Brief: Leaving out the pictures, restate each record below word for word.

[Scraped caption text data]
------

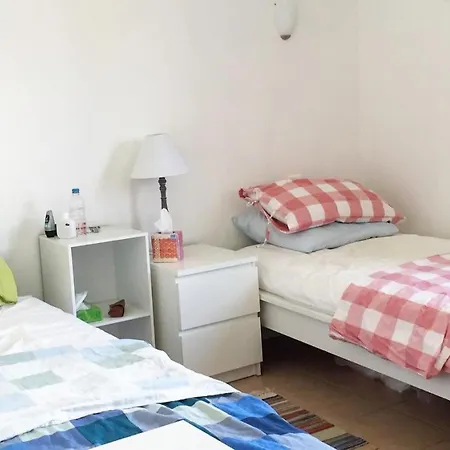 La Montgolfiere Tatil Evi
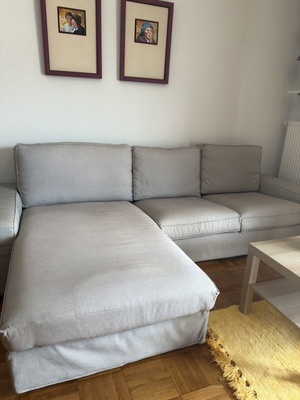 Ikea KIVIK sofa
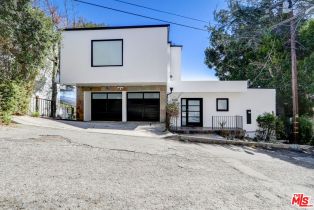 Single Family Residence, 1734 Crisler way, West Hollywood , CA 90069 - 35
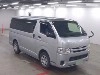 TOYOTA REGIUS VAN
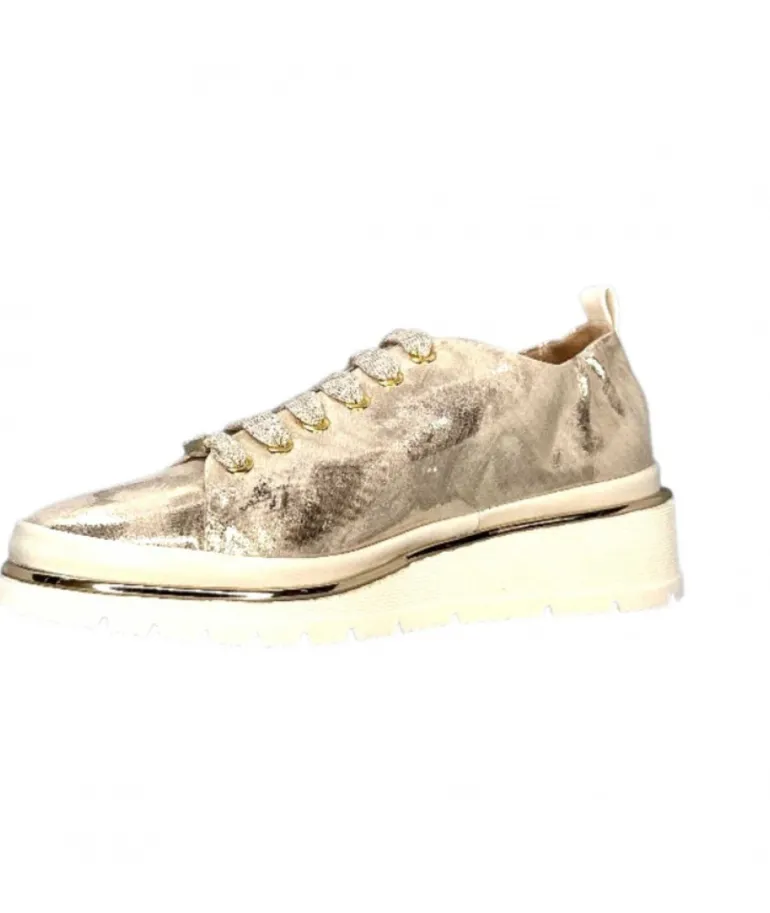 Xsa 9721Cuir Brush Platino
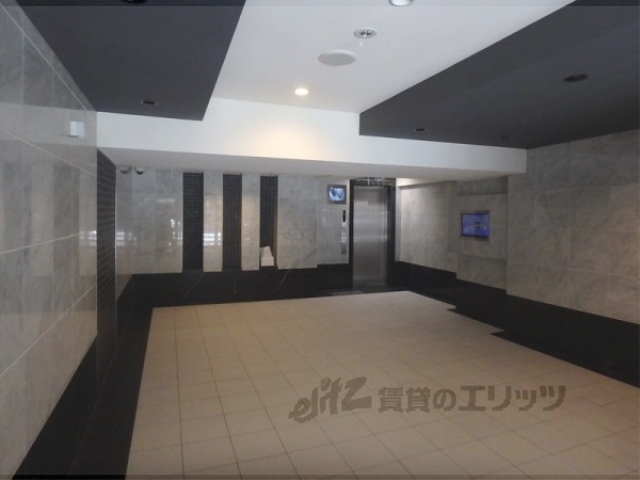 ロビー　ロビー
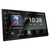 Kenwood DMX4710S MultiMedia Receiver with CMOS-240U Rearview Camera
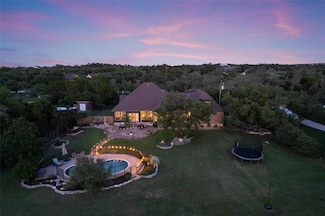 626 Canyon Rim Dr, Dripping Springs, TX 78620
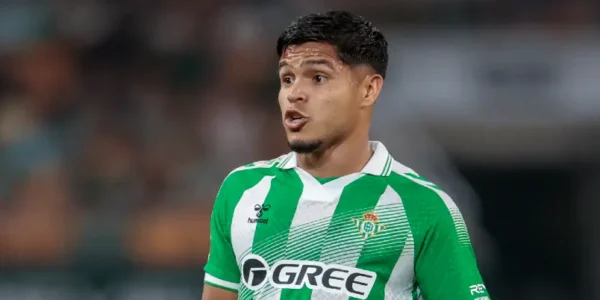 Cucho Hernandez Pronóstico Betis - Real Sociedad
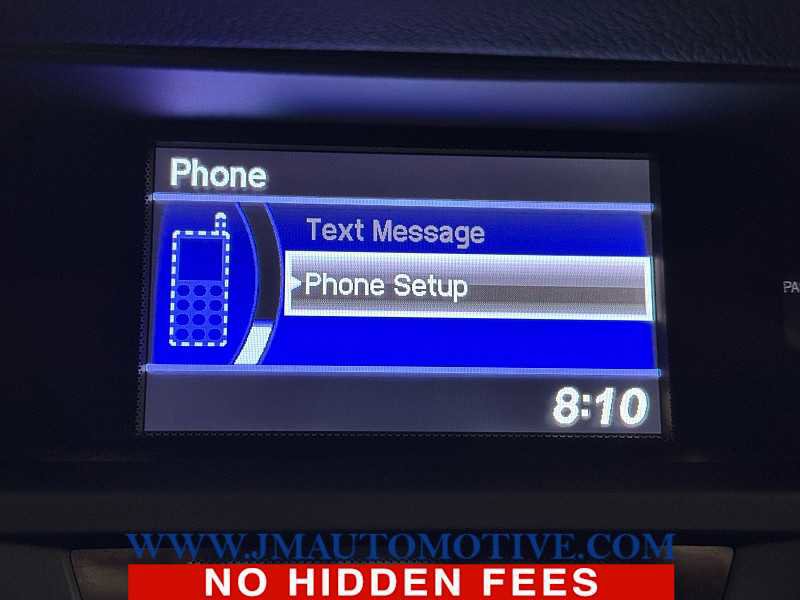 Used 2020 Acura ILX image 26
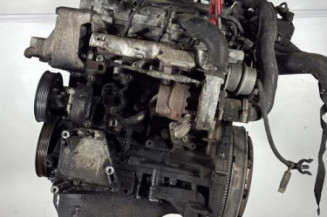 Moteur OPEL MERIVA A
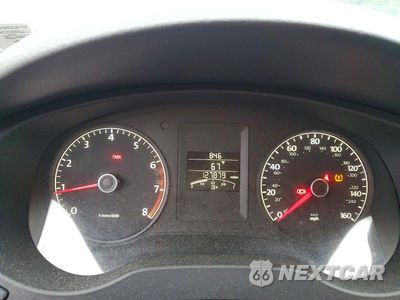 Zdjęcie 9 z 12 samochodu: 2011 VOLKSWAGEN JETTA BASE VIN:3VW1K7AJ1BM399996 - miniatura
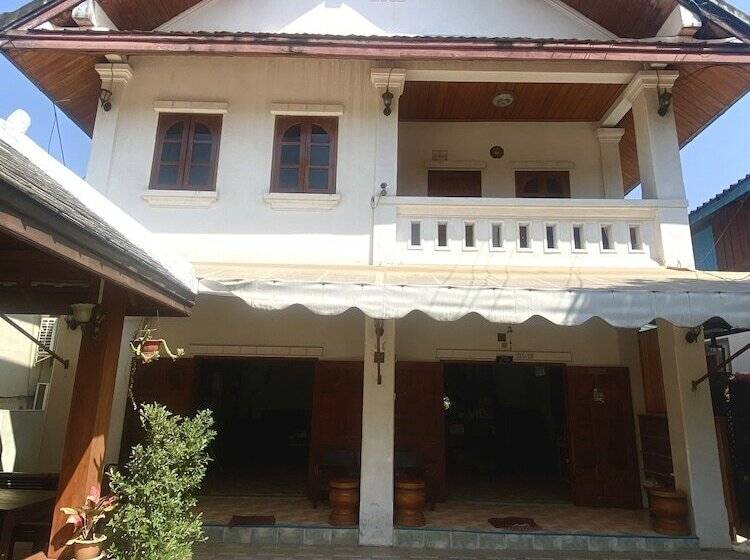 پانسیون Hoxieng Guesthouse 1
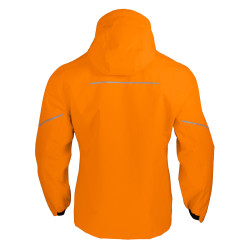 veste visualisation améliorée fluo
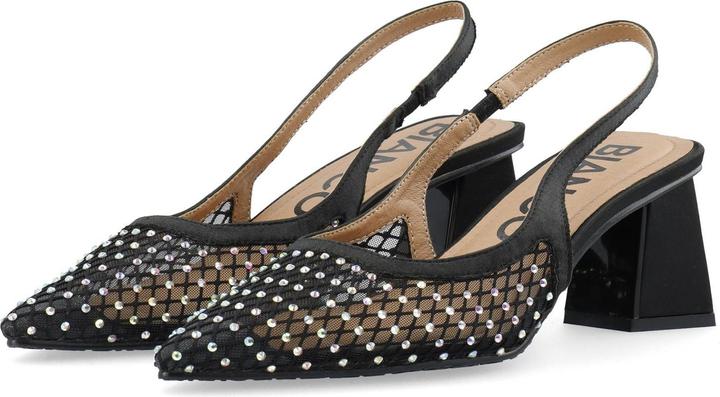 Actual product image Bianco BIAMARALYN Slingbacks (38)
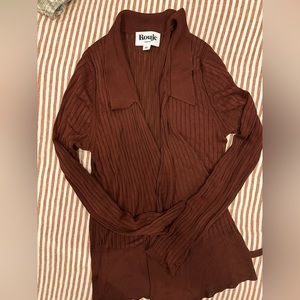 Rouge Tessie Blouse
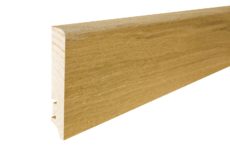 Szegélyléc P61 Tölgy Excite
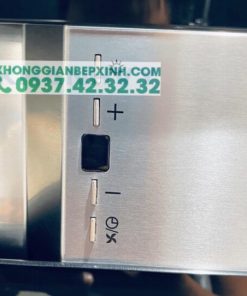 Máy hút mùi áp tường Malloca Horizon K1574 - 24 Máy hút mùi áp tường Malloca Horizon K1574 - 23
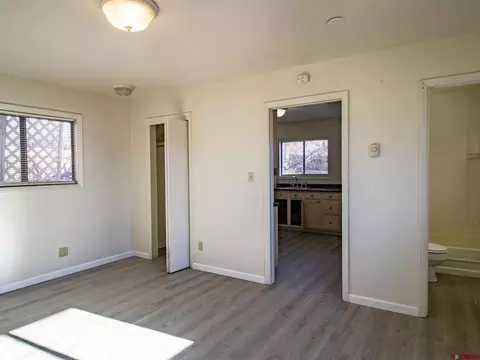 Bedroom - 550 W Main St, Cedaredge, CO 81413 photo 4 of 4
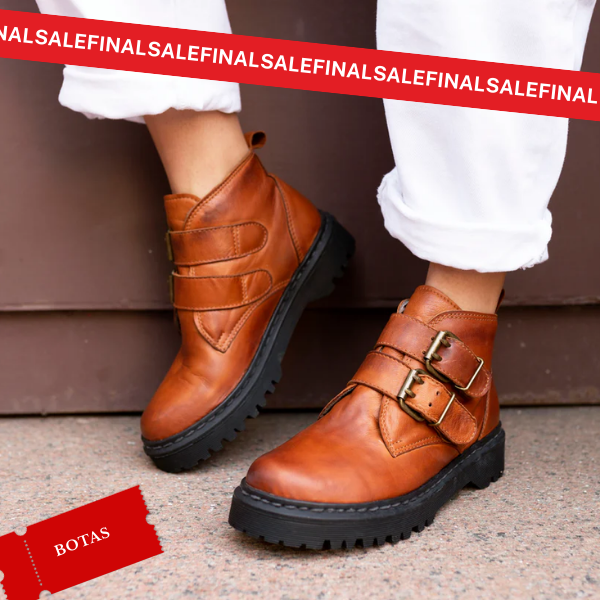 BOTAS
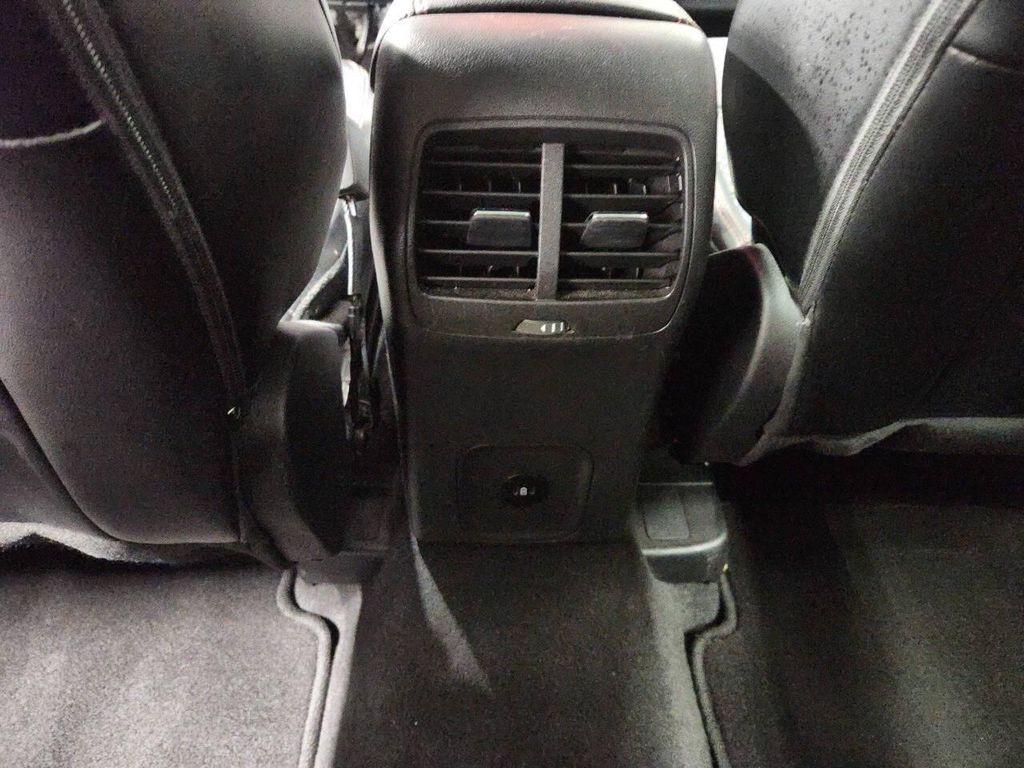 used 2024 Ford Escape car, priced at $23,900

------

Completed task:
 La Montgolfiere Tatil Evi
 Ikea KIVIK sofa
 Single Family Residence, 1734 Crisler way, West Hollywood , CA 90069 - 35
 TOYOTA REGIUS VAN
 Xsa 9721Cuir Brush Platino
 ロビー　ロビー
 Kenwood DMX4710S MultiMedia Receiver with CMOS-240U Rearview Camera
 626 Canyon Rim Dr, Dripping Springs, TX 78620
 Cucho Hernandez Pronóstico Betis - Real Sociedad
 Used 2020 Acura ILX image 26
 Moteur OPEL MERIVA A
 Zdjęcie 9 z 12 samochodu: 2011 VOLKSWAGEN JETTA BASE VIN:3VW1K7AJ1BM399996 - miniatura
 پانسیون Hoxieng Guesthouse 1
 veste visualisation améliorée fluo
 Actual product image Bianco BIAMARALYN Slingbacks (38)
 Rouge Tessie Blouse
 Szegélyléc P61 Tölgy Excite
 Máy hút mùi áp tường Malloca Horizon K1574 - 24 Máy hút mùi áp tường Malloca Horizon K1574 - 23
 Bedroom - 550 W Main St, Cedaredge, CO 81413 photo 4 of 4
 BOTAS
 used 2024 Ford Escape car, priced at $23,900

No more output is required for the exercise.